**WORK INSTRUCTION**
Your answer must be the lines from the one containing "Used 2024 Subaru" through the last line of the records below, copied exactly, with the pictures left out.

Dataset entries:

- - - -

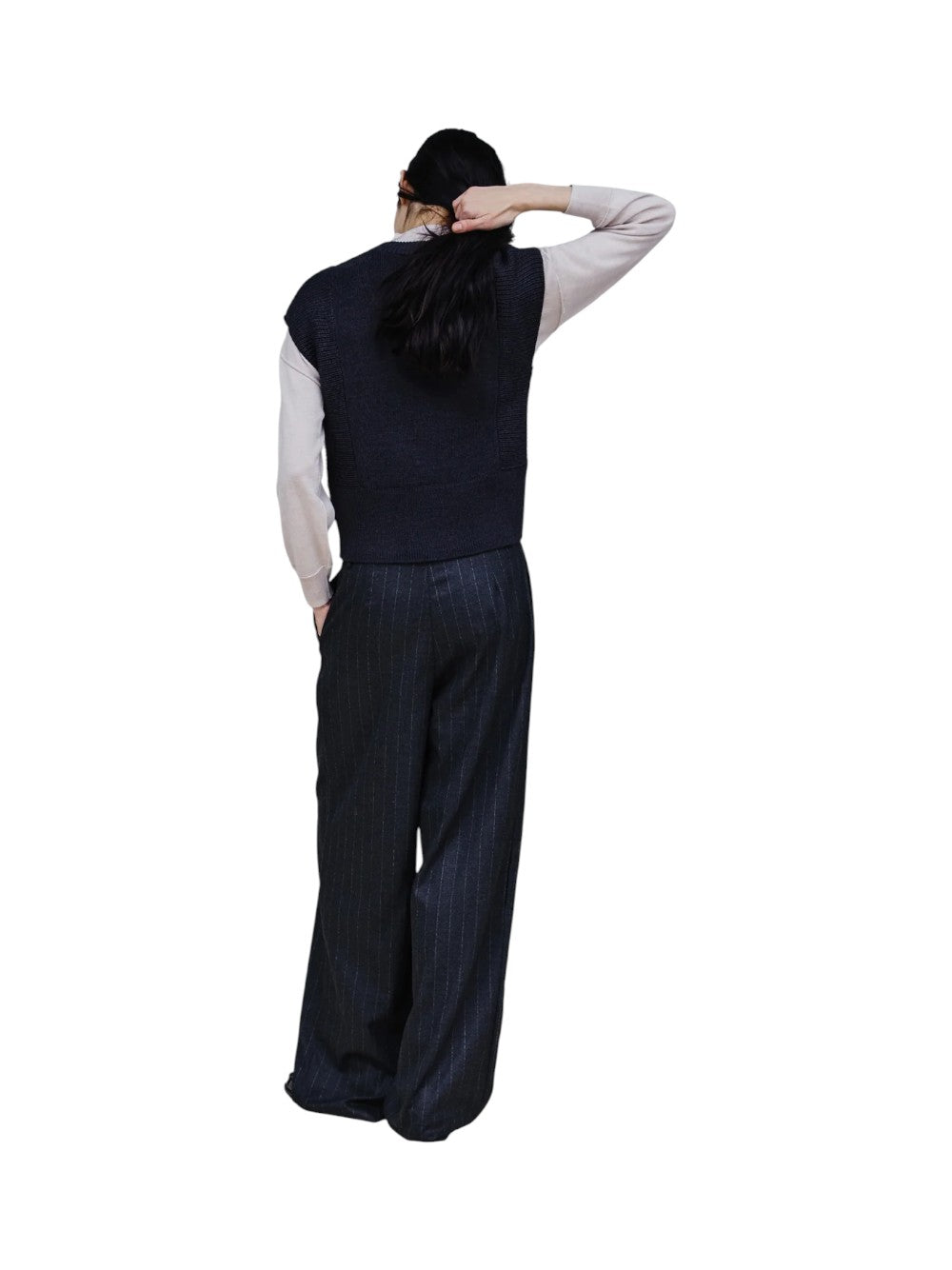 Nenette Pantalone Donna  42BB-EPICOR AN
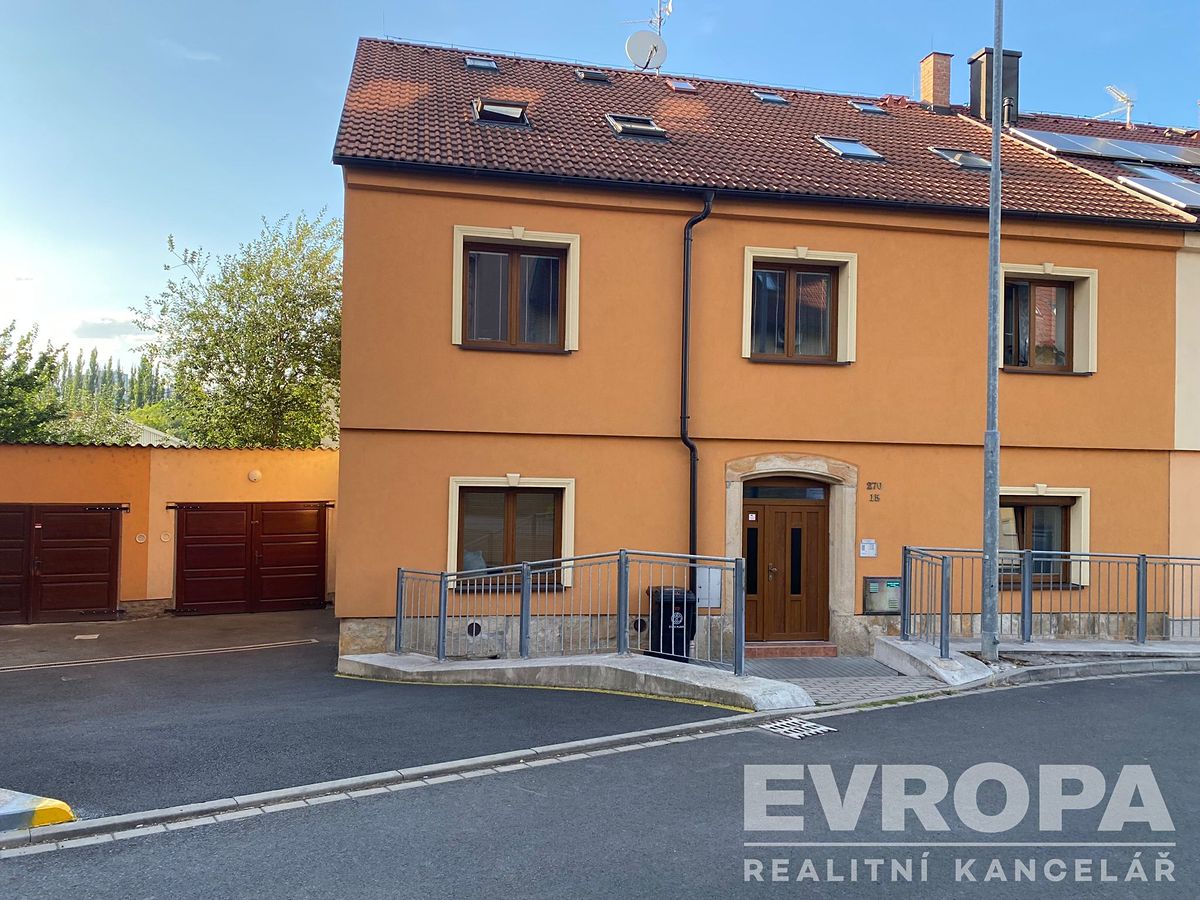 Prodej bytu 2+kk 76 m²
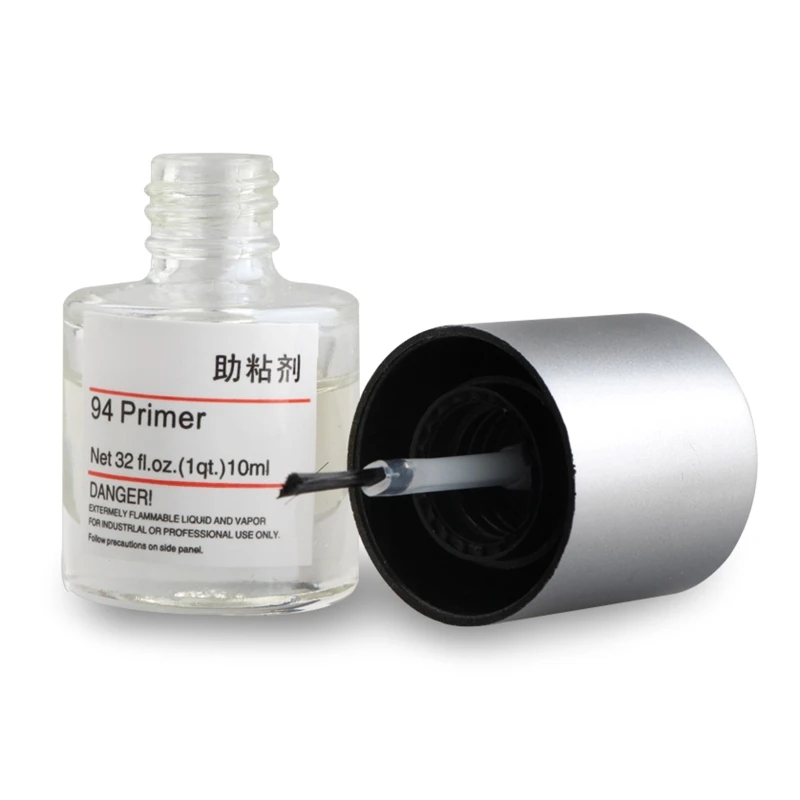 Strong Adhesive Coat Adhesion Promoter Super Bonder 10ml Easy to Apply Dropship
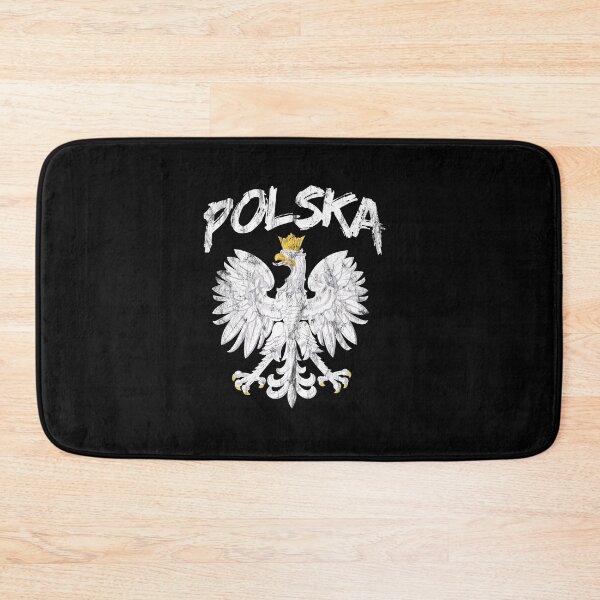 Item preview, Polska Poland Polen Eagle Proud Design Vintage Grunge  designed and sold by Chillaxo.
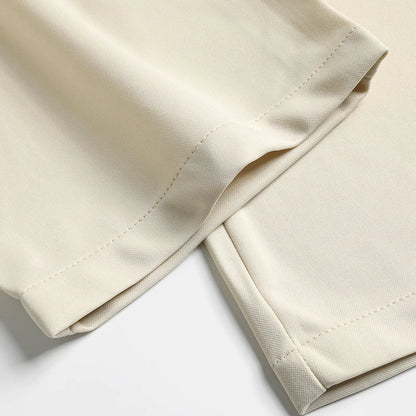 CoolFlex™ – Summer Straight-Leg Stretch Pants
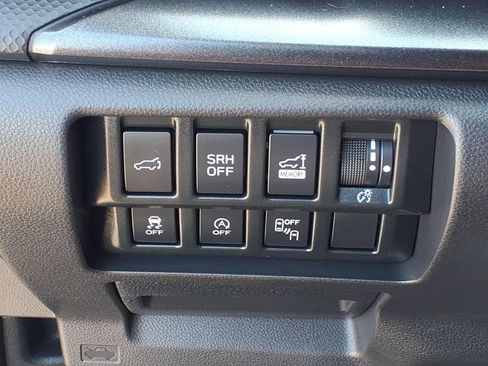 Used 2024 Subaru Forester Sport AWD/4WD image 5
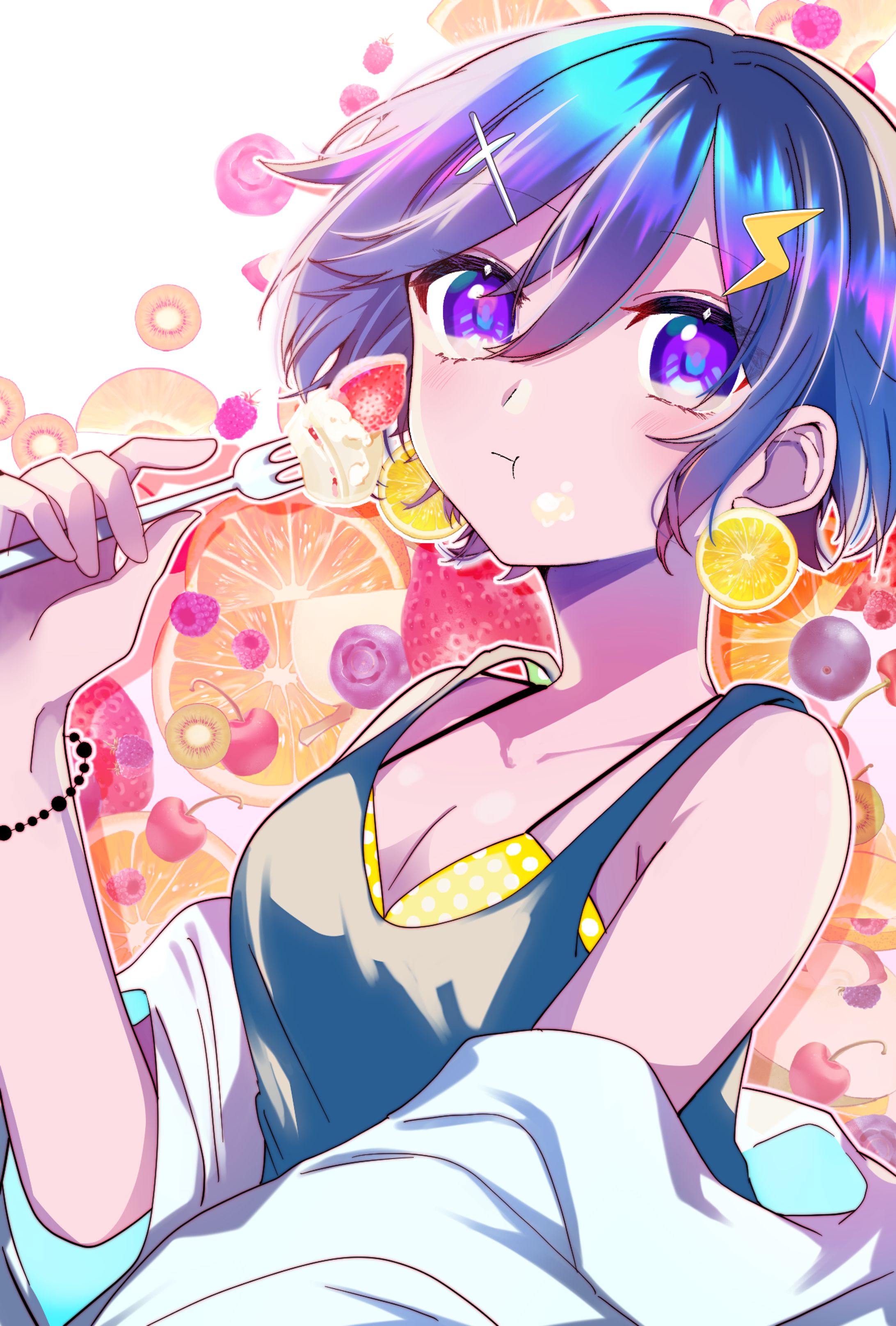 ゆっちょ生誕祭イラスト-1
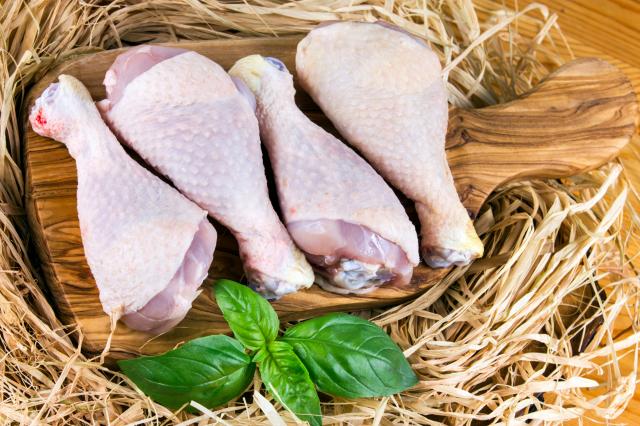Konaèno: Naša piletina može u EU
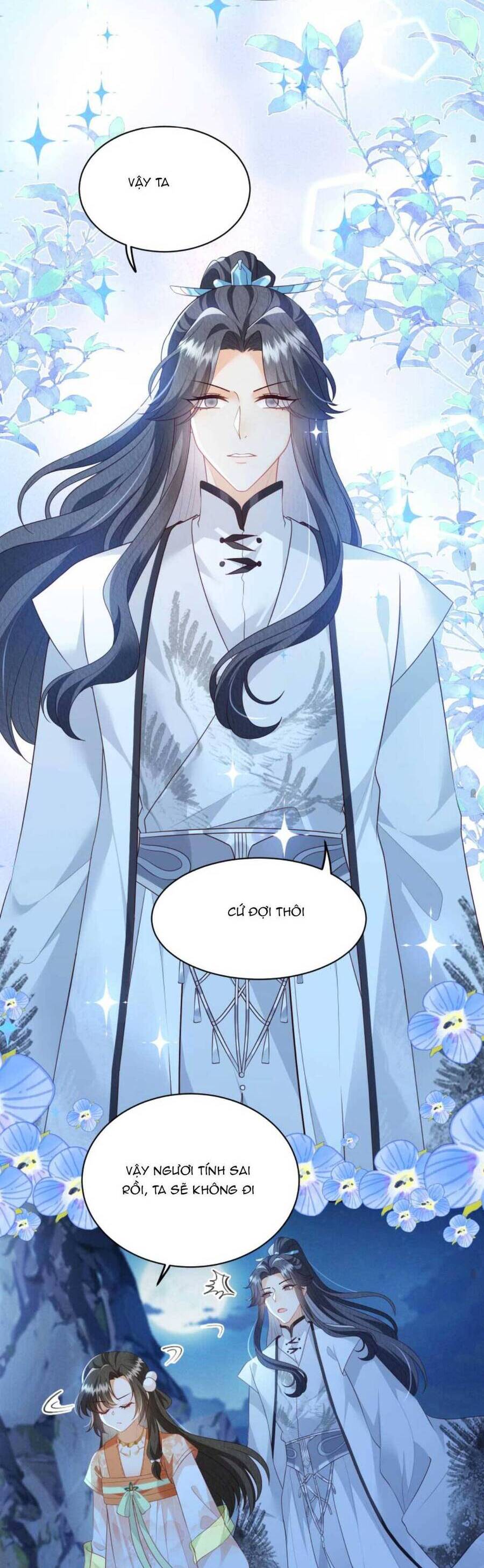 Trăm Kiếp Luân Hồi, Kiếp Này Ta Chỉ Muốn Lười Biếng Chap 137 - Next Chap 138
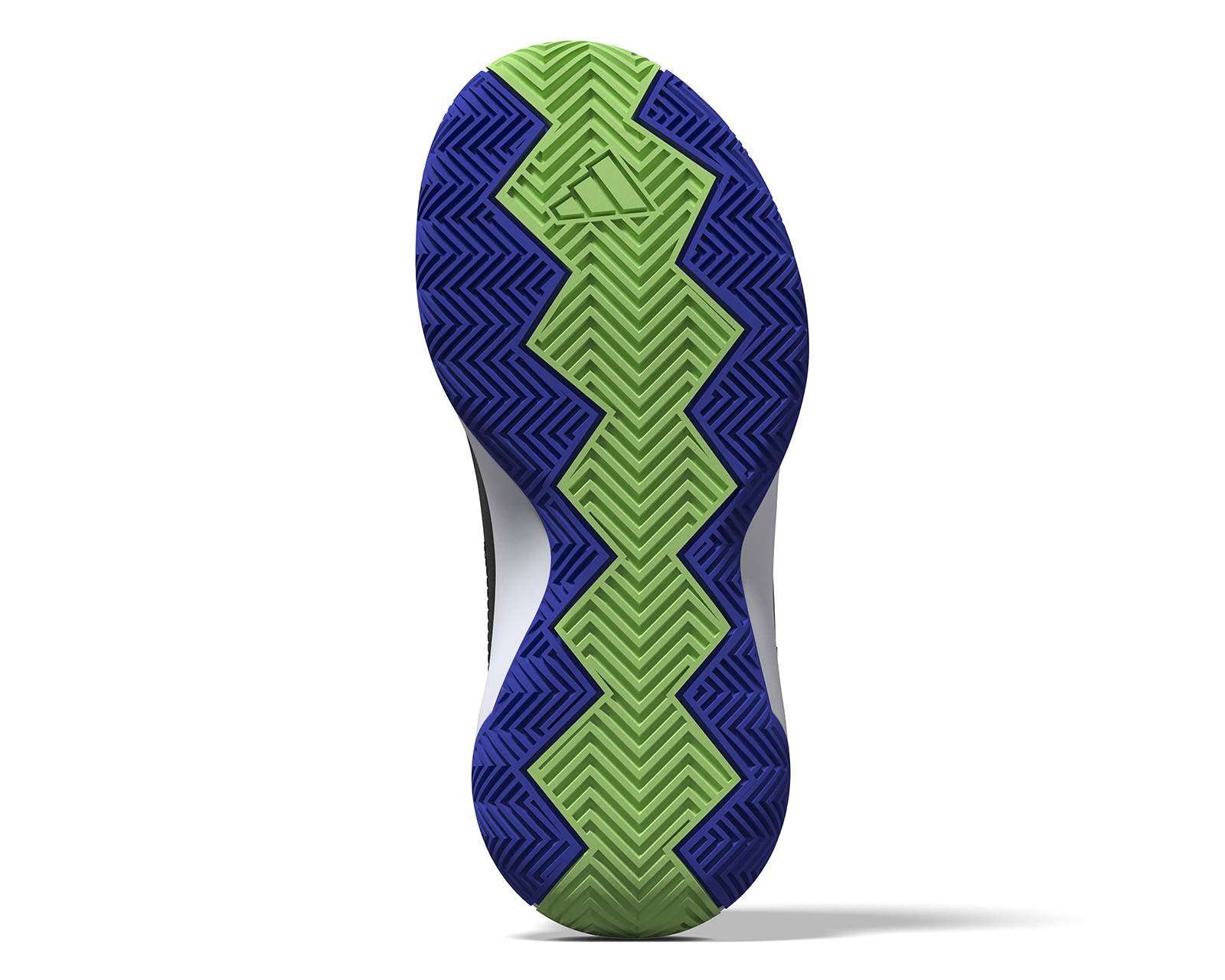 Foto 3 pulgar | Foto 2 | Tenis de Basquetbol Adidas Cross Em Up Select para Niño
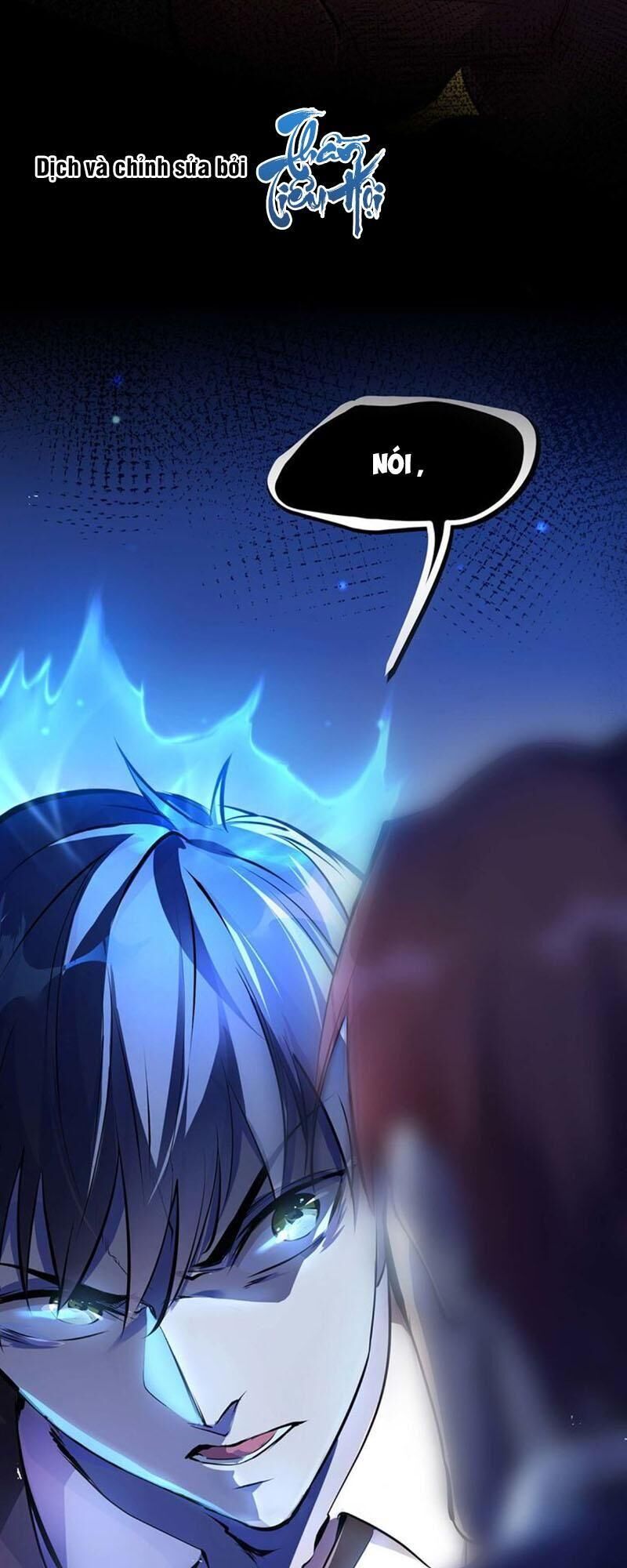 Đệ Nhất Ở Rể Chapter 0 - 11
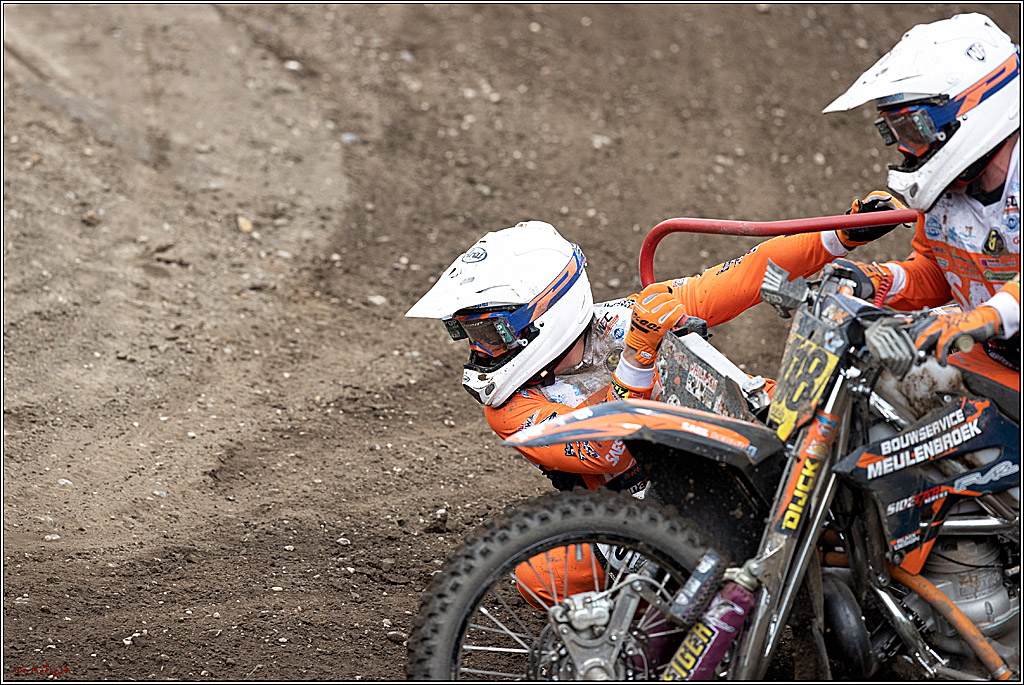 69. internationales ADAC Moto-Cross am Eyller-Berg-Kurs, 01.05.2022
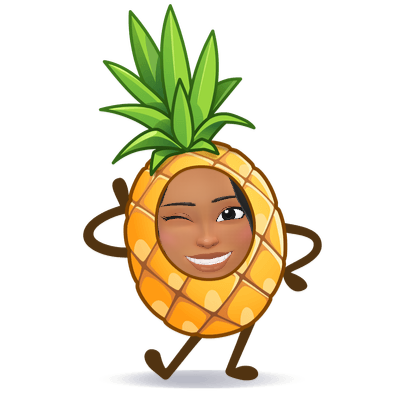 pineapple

- - - -

**RESPONSE BELOW**
 Used 2024 Subaru Forester Sport AWD/4WD image 5
 ゆっちょ生誕祭イラスト-1
Konaèno: Naša piletina može u EU
 Trăm Kiếp Luân Hồi, Kiếp Này Ta Chỉ Muốn Lười Biếng Chap 137 - Next Chap 138
 Foto 3 pulgar | Foto 2 | Tenis de Basquetbol Adidas Cross Em Up Select para Niño
 Đệ Nhất Ở Rể Chapter 0 - 11
 69. internationales ADAC Moto-Cross am Eyller-Berg-Kurs, 01.05.2022
 pineapple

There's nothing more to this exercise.